_Exercise objective:_ Each line shown below should be copied exactly.
:: Records shown
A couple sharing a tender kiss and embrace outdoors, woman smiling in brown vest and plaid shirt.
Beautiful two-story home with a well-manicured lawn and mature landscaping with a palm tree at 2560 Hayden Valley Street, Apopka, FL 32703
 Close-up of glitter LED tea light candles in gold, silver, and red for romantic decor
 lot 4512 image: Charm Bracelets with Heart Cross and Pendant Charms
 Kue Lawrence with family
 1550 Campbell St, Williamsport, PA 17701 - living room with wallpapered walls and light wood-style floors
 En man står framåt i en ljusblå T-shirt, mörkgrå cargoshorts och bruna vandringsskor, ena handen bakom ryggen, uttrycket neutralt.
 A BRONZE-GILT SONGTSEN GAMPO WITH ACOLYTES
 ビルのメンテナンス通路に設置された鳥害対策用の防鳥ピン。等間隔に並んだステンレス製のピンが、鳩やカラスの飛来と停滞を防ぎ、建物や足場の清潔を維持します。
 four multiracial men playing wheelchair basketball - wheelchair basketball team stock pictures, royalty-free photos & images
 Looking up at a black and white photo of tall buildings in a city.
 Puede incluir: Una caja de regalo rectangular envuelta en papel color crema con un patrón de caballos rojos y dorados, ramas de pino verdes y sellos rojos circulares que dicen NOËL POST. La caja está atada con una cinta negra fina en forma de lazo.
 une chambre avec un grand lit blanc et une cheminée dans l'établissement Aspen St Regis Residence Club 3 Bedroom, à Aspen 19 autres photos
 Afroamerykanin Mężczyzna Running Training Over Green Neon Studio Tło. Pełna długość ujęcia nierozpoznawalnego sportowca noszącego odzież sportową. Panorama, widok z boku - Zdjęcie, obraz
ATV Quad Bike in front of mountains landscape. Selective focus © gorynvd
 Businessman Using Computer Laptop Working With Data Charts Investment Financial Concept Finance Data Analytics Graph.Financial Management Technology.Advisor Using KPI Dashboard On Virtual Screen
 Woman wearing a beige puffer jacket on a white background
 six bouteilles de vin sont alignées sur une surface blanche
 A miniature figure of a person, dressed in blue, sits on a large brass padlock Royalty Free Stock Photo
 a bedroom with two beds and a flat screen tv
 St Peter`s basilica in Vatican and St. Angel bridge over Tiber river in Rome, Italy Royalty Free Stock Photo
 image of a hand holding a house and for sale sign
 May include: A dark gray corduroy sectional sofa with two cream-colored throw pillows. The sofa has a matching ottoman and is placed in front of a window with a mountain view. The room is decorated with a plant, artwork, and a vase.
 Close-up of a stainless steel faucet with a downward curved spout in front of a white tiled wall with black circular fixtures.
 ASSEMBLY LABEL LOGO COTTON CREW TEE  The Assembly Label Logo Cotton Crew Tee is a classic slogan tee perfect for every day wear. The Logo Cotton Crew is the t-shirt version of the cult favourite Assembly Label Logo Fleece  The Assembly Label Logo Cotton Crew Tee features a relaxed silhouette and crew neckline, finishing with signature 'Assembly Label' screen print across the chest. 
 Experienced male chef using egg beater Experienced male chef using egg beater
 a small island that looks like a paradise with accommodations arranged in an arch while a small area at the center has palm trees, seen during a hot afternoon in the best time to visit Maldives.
::::
_Written reply:_
A couple sharing a tender kiss and embrace outdoors, woman smiling in brown vest and plaid shirt.
Beautiful two-story home with a well-manicured lawn and mature landscaping with a palm tree at 2560 Hayden Valley Street, Apopka, FL 32703
 Close-up of glitter LED tea light candles in gold, silver, and red for romantic decor
 lot 4512 image: Charm Bracelets with Heart Cross and Pendant Charms
 Kue Lawrence with family
 1550 Campbell St, Williamsport, PA 17701 - living room with wallpapered walls and light wood-style floors
 En man står framåt i en ljusblå T-shirt, mörkgrå cargoshorts och bruna vandringsskor, ena handen bakom ryggen, uttrycket neutralt.
 A BRONZE-GILT SONGTSEN GAMPO WITH ACOLYTES
 ビルのメンテナンス通路に設置された鳥害対策用の防鳥ピン。等間隔に並んだステンレス製のピンが、鳩やカラスの飛来と停滞を防ぎ、建物や足場の清潔を維持します。
 four multiracial men playing wheelchair basketball - wheelchair basketball team stock pictures, royalty-free photos & images
 Looking up at a black and white photo of tall buildings in a city.
 Puede incluir: Una caja de regalo rectangular envuelta en papel color crema con un patrón de caballos rojos y dorados, ramas de pino verdes y sellos rojos circulares que dicen NOËL POST. La caja está atada con una cinta negra fina en forma de lazo.
 une chambre avec un grand lit blanc et une cheminée dans l'établissement Aspen St Regis Residence Club 3 Bedroom, à Aspen 19 autres photos
 Afroamerykanin Mężczyzna Running Training Over Green Neon Studio Tło. Pełna długość ujęcia nierozpoznawalnego sportowca noszącego odzież sportową. Panorama, widok z boku - Zdjęcie, obraz
ATV Quad Bike in front of mountains landscape. Selective focus © gorynvd
 Businessman Using Computer Laptop Working With Data Charts Investment Financial Concept Finance Data Analytics Graph.Financial Management Technology.Advisor Using KPI Dashboard On Virtual Screen
 Woman wearing a beige puffer jacket on a white background
 six bouteilles de vin sont alignées sur une surface blanche
 A miniature figure of a person, dressed in blue, sits on a large brass padlock Royalty Free Stock Photo
 a bedroom with two beds and a flat screen tv
 St Peter`s basilica in Vatican and St. Angel bridge over Tiber river in Rome, Italy Royalty Free Stock Photo
 image of a hand holding a house and for sale sign
 May include: A dark gray corduroy sectional sofa with two cream-colored throw pillows. The sofa has a matching ottoman and is placed in front of a window with a mountain view. The room is decorated with a plant, artwork, and a vase.
 Close-up of a stainless steel faucet with a downward curved spout in front of a white tiled wall with black circular fixtures.
 ASSEMBLY LABEL LOGO COTTON CREW TEE  The Assembly Label Logo Cotton Crew Tee is a classic slogan tee perfect for every day wear. The Logo Cotton Crew is the t-shirt version of the cult favourite Assembly Label Logo Fleece  The Assembly Label Logo Cotton Crew Tee features a relaxed silhouette and crew neckline, finishing with signature 'Assembly Label' screen print across the chest. 
 Experienced male chef using egg beater Experienced male chef using egg beater
 a small island that looks like a paradise with accommodations arranged in an arch while a small area at the center has palm trees, seen during a hot afternoon in the best time to visit Maldives.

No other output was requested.